Institute for War and Peace Reporting | Giving Voice, Driving Change
EU Needs New Approach to Western Balkans
When the European Union’s historic Big Bang enlargement takes place on May 1, the western Balkan countries will feel few substantial changes in the short-term.
But the EU needs to change policy on the region if it wishes to see long-term stability there. For the enlarged union, stability in the Balkans will become increasingly important once more member states border it.
Brussels needs to find a Balkans strategy that corresponds to the region’s real needs and capacities. Without it, the EU could face another Big Bang. This time, however, it would not be expansion, but a Balkans-style explosion.
THE 1990s – A LOST DECADE
Of the eight countries now joining the EU, six are from Central and Eastern Europe and only two from the Mediterranean (Malta and Cyprus).
The former Soviet satellites in Central and Eastern Europe made it clear as early as 1989 that their goal was EU entry and they immediately embarked on a long and painful reform process with membership in mind.
Whilst several former Yugoslav republics were locked in war, their northern neighbours stuck to the course of reform and association with the EU.
After fifteen years of tough choices and fundamental changes, they are now being rewarded with entry to the world’s most prestigious club – the EU – helping to guarantee them a secure, democratic and prosperous future.
But for most Balkans countries, stability and prosperity remain distant goals.

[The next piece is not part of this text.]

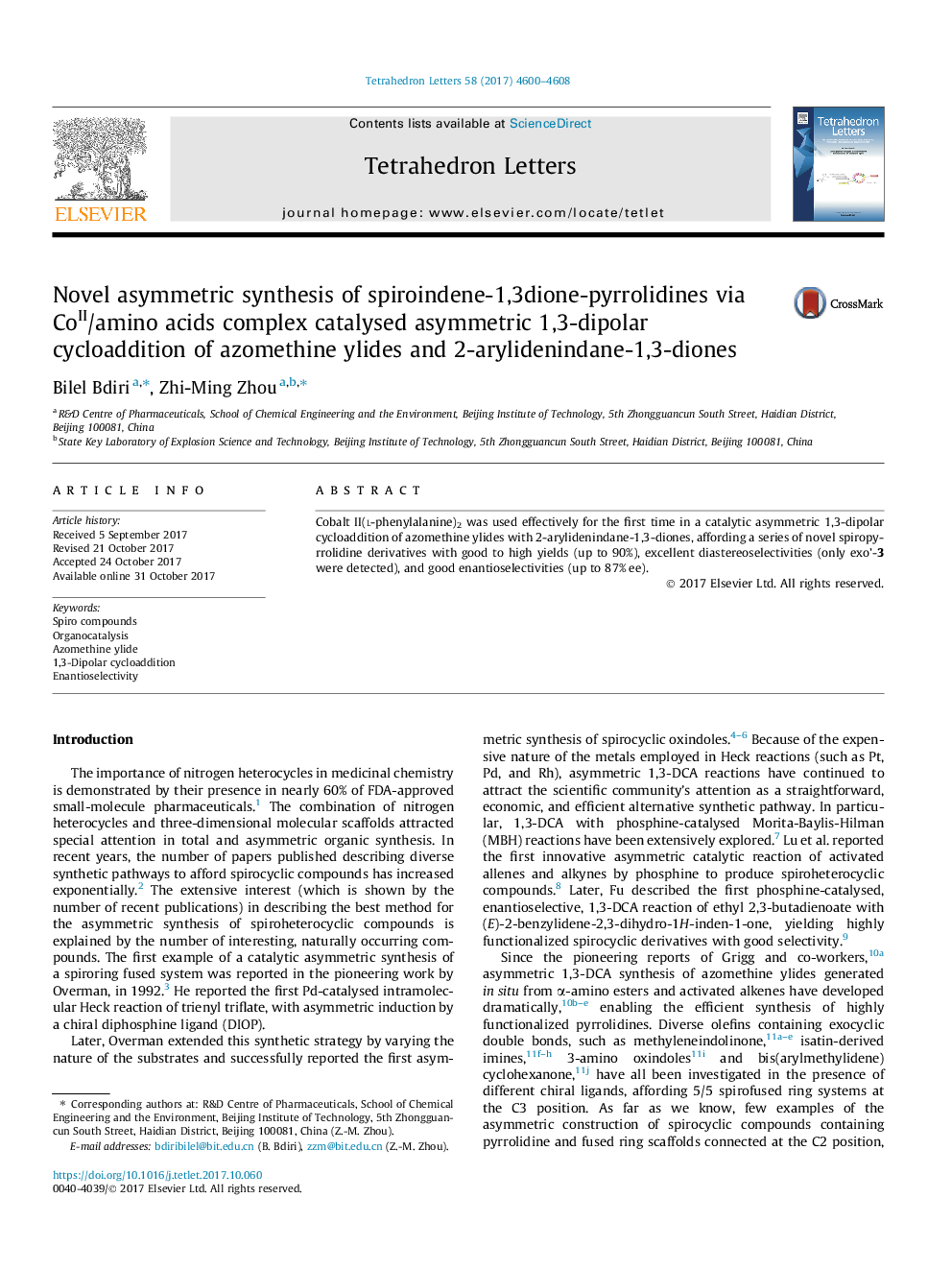 Novel asymmetric synthesis of spiroindene-1,3dione-pyrrolidines via CoII/amino acids complex catalysed asymmetric 1,3-dipolar cycloaddition of azomethine ylides and 2-arylidenindane-1,3-diones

Bulgaria and Romania still plan to join in 2007, with Croatia hoping to jump on the bandwagon.
Whilst these countries may conceivably join the union by the end of the decade, for Albania, Bosnia and Herzegovina, Macedonia and Serbia and Montenegro (including Kosovo) - the prospect of EU accession is distant and their general prospects grim.
ENLARGEMENT – NO IMMEDIATE EFFECTS
In the short-term, the western Balkan countries will feel few effects from enlargement, as neither EU attention nor aid is likely to diminish.
Instead, many commentators believe the entry of several new countries adjoining the region will push the western Balkans higher up the EU agenda.
Brussels has not forgotten the Yugoslav wars of the 1990s and an enlarged union knows it cannot afford to ignore the plight of its Balkan neighbours.
“They might want to forget about us, but that’s not really possible,” said Nenad Sebek, director of the Centre for Democracy and Reconciliation in South Eastern Europe, a Thessaloniki-based NGO.
The EU has invested a lot in the Balkans since the early Nineties in terms of aid and expertise. It has representatives in every country. As the United States reduces its presence militarily in Bosnia and Kosovo, and hands the political initiative to Europe, Brussels’ share of the responsibilities has correspondingly increased.
The EU is expected to assume ever greater military and political responsibility in Bosnia as well as increasing involvement in Kosovo.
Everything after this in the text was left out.